The output consists only of the lines from the one with "顺丰+圆通申通EMS运费表格" through the end of the records, each printed exactly, and contains no pictures.
RECORDS SHOWN Block Start
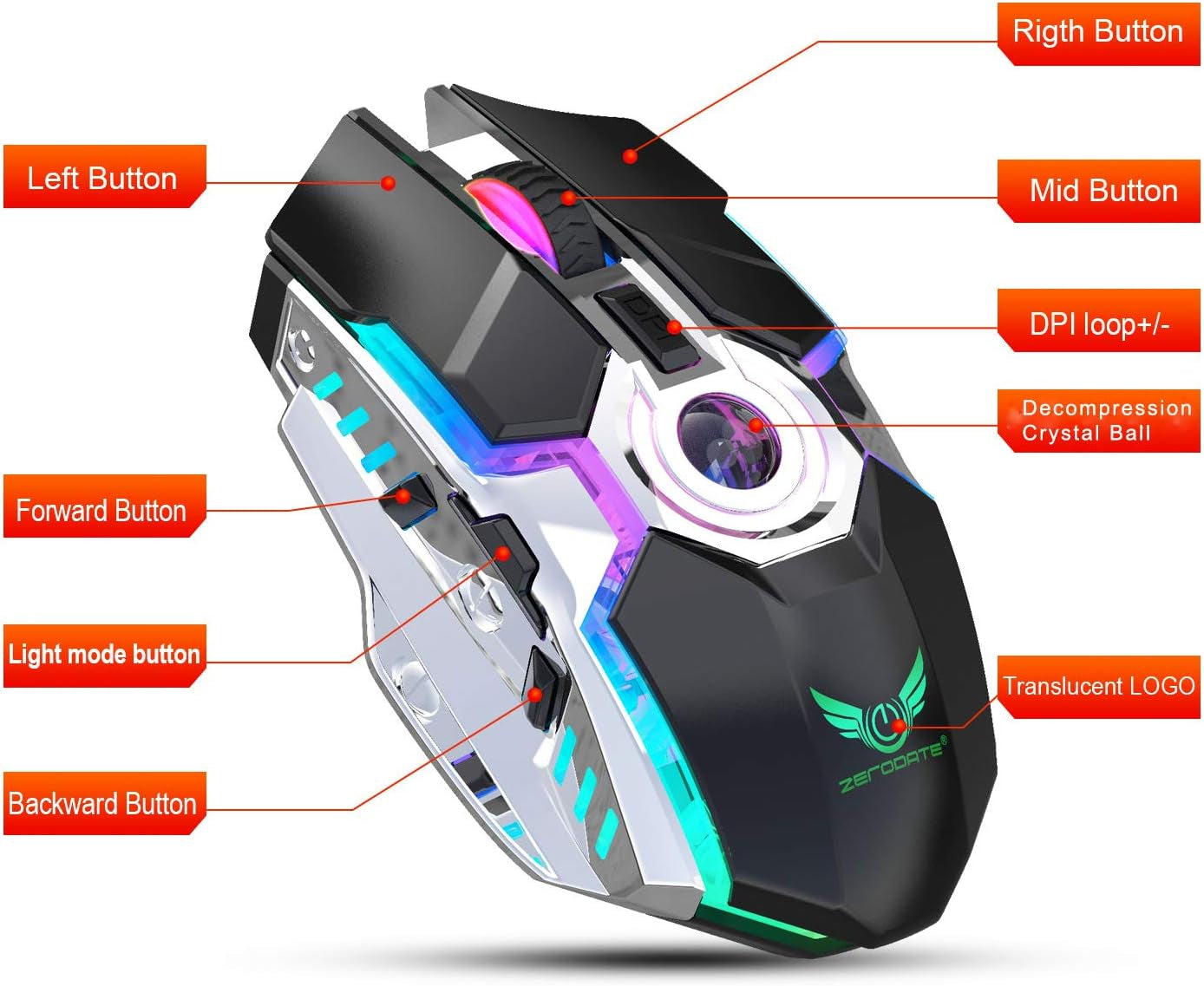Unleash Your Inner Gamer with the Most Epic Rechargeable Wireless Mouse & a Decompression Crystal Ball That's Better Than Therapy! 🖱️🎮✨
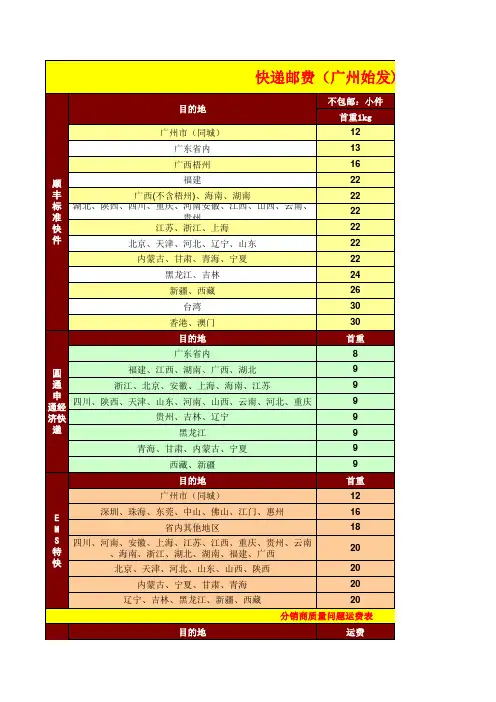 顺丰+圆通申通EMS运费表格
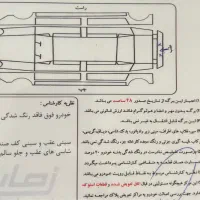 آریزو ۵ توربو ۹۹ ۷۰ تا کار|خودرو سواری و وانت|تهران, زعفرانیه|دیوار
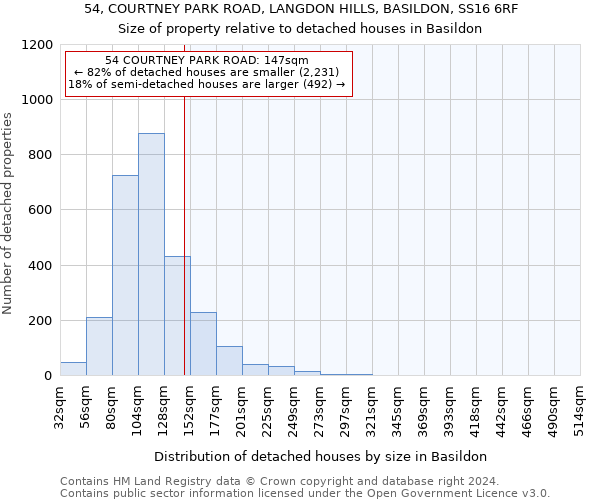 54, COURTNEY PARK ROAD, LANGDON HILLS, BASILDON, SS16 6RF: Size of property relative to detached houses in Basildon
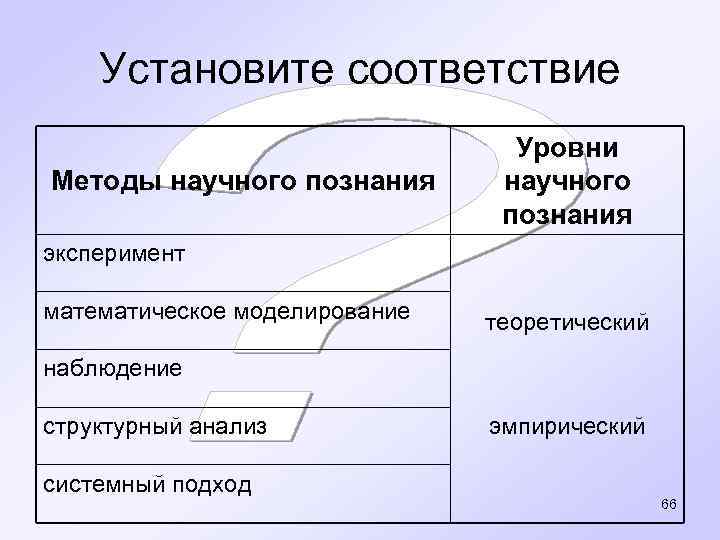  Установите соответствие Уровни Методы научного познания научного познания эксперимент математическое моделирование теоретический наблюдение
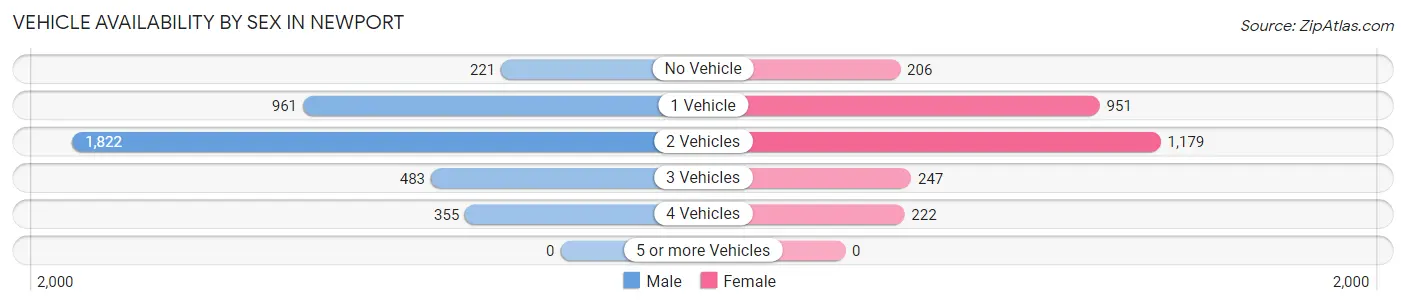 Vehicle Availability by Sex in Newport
RECORDS SHOWN Block End
**SOLUTION BELOW:**
 顺丰+圆通申通EMS运费表格
 آریزو ۵ توربو ۹۹ ۷۰ تا کار|خودرو سواری و وانت|تهران, زعفرانیه|دیوار
 54, COURTNEY PARK ROAD, LANGDON HILLS, BASILDON, SS16 6RF: Size of property relative to detached houses in Basildon
  Установите соответствие Уровни Методы научного познания научного познания эксперимент математическое моделирование теоретический наблюдение
 Vehicle Availability by Sex in Newport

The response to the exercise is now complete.